Думаю, это и есть абсолютно темный момент всей интриги, та точка, где она постоянно возвращается к настоящему, где я не могу уже ни забыть, ни припомнить, где человеческие события до бесконечности выстраивают свое возвращение вокруг столь же неустойчивого и неподвижного центра, как и я сам. Я могу вспомнить, на какую дорогу меня это толкнуло и как я порвал почти со всем – и в этом смысле тоже я все забыл, – почему же мне, удалившемуся так далеко, надо еще и еще отступать вглубь мгновения, где я скитаюсь словно образ, связанный с неким неподвижно идущим день за днем, и неким до некоторой степени всегда избавляющимся от времени временем.
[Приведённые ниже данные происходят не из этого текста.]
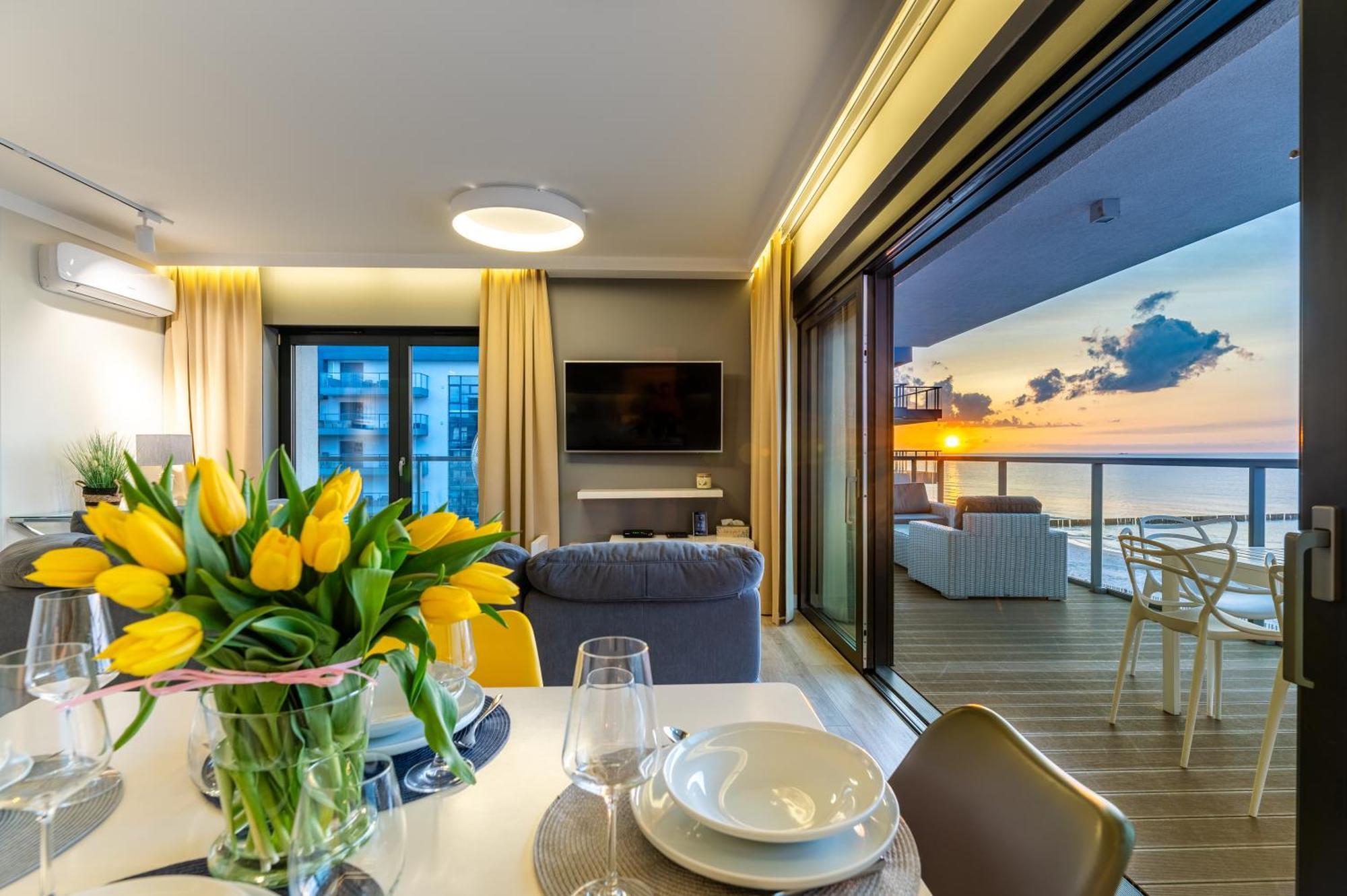Apartament Dream View Gardenia Front Dziwnów المظهر الخارجي الصورة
Я могу вспомнить, что при всей длине этой дороги, при всем ее петлянии через никчемные повторения дней и мгновений, ничто не в силах помешать ей вновь и вновь, раз за разом оказываться разделяющим две крохотные комнатки коридором, в который мне довелось войти: колеблющейся темнотой, в которой я должен был претерпеть самую сильную боль и, однако, встретить самый истинный и самый радостный миг, словно натолкнулся я там не на холодную истину, а на истину, обернувшуюся неистовством и страстью конца. Я могу вспомнить все это, и вспоминать это означает не что иное, как сделать еще один шаг все в том же пространстве, там, где идти дальше значит наперед навязать мне возврат. И однако, хотя меня уже затягивает этот круг, и пусть даже мне придется писать это вечно, я бы так и написал, чтобы вечное зачеркнуть: Теперь, конец.